The Grammar of Gratitude: The Firstfruits of the Spirit Text: Numbers 28:26-31
Introduction: God's Appointed Times
We live in an age that prides itself on spontaneity, particularly in worship. The modern evangelical impulse is to treat liturgy as a dirty word, as though structure and heartfelt worship are somehow at odds. We think that true piety consists of showing up and just seeing what the Spirit might do. But the God of the Bible is a God of order, not a God of chaos. He is the one who sets the stars in their courses and the seasons in their turn. And so it should not surprise us that He sets the calendar for His people. He appoints the times. He defines the grammar of our worship.

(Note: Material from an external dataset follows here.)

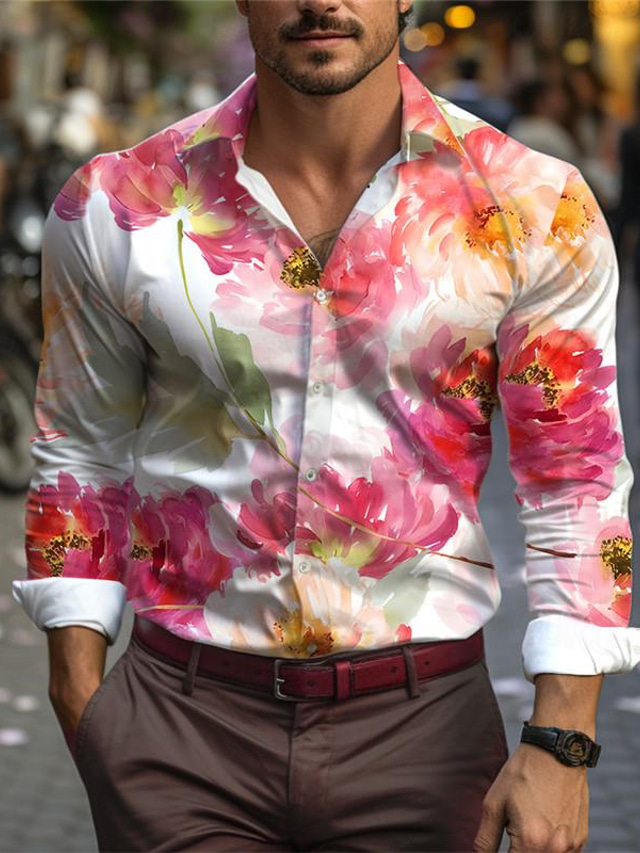  روز ورد كاجوال رجالي قميص مناسب للبس اليومي مناسب للخارج الربيع طوي كم طويل وردي بلاشيهغ, أزرق, أرجواني S, M, L 4-طريقة سترتش النسيج قميص عيد الحب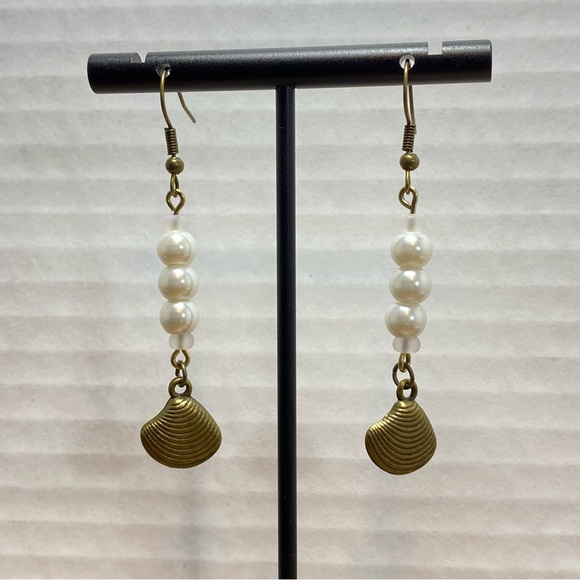 Hand Crafted Jewelry - Seashell & Beaded Earrings Handmade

The chapters of Numbers we are in here are a detailed, meticulous, and, to our modern sensibilities, perhaps a tedious recitation of sacrifices. We see lists of bulls, rams, lambs, flour, and oil. Our temptation is to let our eyes glaze over. But in doing so, we miss the point entirely. This is not just an ancient temple schedule. This is the rhythm of the covenant. This is God teaching His people how to approach Him, how to thank Him, and how to live with Him at the center of their lives, their weeks, their months, and their years. Every sacrifice, every feast, every holy convocation was a schoolmaster, training Israel to look for the Christ who was to come.
Our secular age has its own calendar, its own high holy days. We have the Fourth of July, Labor Day, and Black Friday. These days are designed to form us into certain kinds of people, citizens of a secular state, consumers in a global marketplace. But God has given His people a different calendar, one that revolves around the mighty acts of redemption. And the Feast of Weeks, or Pentecost, which we have before us in this text, is one of the central pillars of that calendar. It is a feast of gratitude, a feast of harvest, and a feast that looks forward to a greater harvest, a greater firstfruits, that would come when the Spirit of God was poured out like rain on the people of God.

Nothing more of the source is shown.